Sharing Llama-3-8B-Web, an action model designed for browsing the web by following instructions and talking to the user, and WebLlama, a new project for pushing development in Llama-based agents

Hello LocalLLaMA! I wanted to share my new project, WebLlama, with you. With the project, I am also releasing Llama-3-8B-Web, a strong action model for building web agents that can follow instructions, but also talk to you.

GitHub Repository: https://github.com/McGill-NLP/webllama
Model on Huggingface: https://huggingface.co/McGill-NLP/Llama-3-8B-Web

An adorable mascot for our project!

Both the readme and the huggingface model goes over all the motivation, training process, and how to use the model for inference. Note that one still needs a platform for executing an agent's action (e.g. Playwright or BrowserGym) and a ranker model for selecting relevant elements from the HTML page. However, a lot of that is display on the training script which is explained in the modeling readme, so I wont' go in detail here.

Instead, here's summary from the repository:

WebLlama: The goal of our project is to build effective human-centric agents for browsing the web.

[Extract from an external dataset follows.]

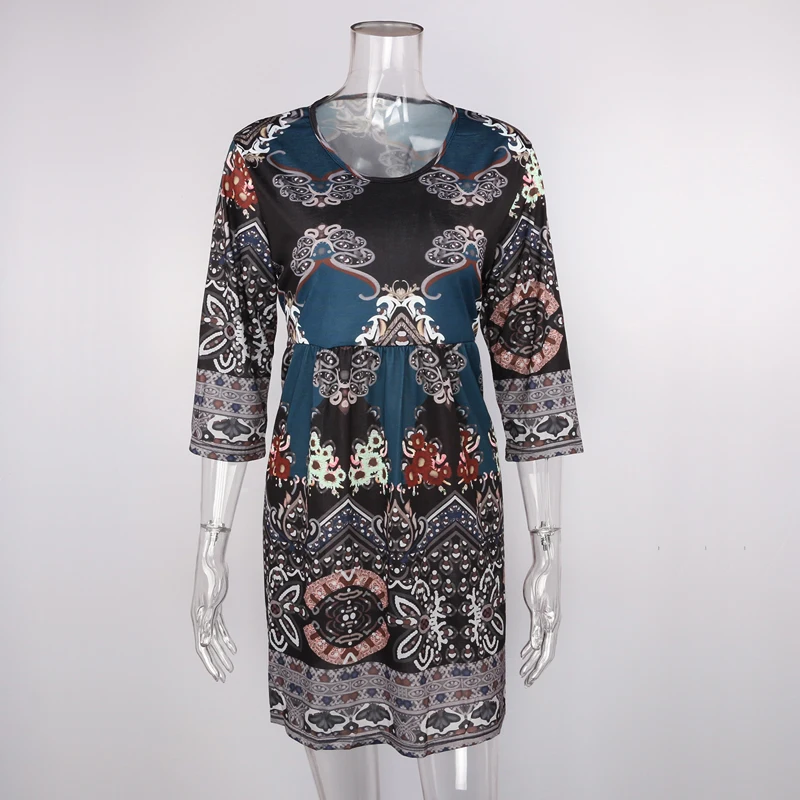 5XL Лето 2019 Boho женское мини платье с круглым вырезом Свободные Большие размеры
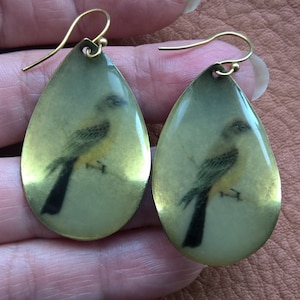 Vintage Antique Style Enamel Gold Color Metal Bird Large Drop Dangle Earrings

We don't want to replace users, but equip them with powerful assistants.

Modeling: We are build on top of cutting edge libraries for training Llama agents on web navigation tasks. We will provide training scripts, optimized configs, and instructions for training cutting-edge Llamas.

Evaluation: Benchmarks for testing Llama models on real-world web browsing. This include human-centric browsing through dialogue (WebLINX), and we will soon add more benchmarks for automatic web navigation (e.g. Mind2Web).

Data: Our first model is finetuned on over 24K instances of web interactions, including click, textinput, submit, and dialogue acts. We want to continuously curate, compile and release datasets for training better agents.

Deployment: We want to make it easy to integrate Llama models with existing deployment platforms, including Playwright, Selenium, and BrowserGym. We are currently focusing on making this a reality.

One thing that's quite interesting is how well the model performs against zero-shot GPT-4V (with screenshot added since it supports vision) and other finetuned models (GPT-3.5 using the API, MindAct was trained on Mind2Web, and is finetuned on weblinx too). Here's the result

The overall score is a combination of IoU (for actions that target an element) and F1 (for text/URL). 29% here intuitively tells us how well a model would perform in the real world, obviously 100% is not needed to get a good agent, but an agent getting 100% would definitely be great!

I thought this would be a great place to share and discuss this new project, since there's so much great discussions happening for Llama training/inference, for example RoPE scaling was invented in this very subreddit!

Also, I think WebLlama's potential will be pretty big for local use, since it's probably much better to perform tasks using a locally hosted model that you can easily audit, vs an agent offered by a company, which would be expensive to run, has higher latency, and might not be as secure/private since it has access to your entire browsing history.

Happy to answer questions in the replies!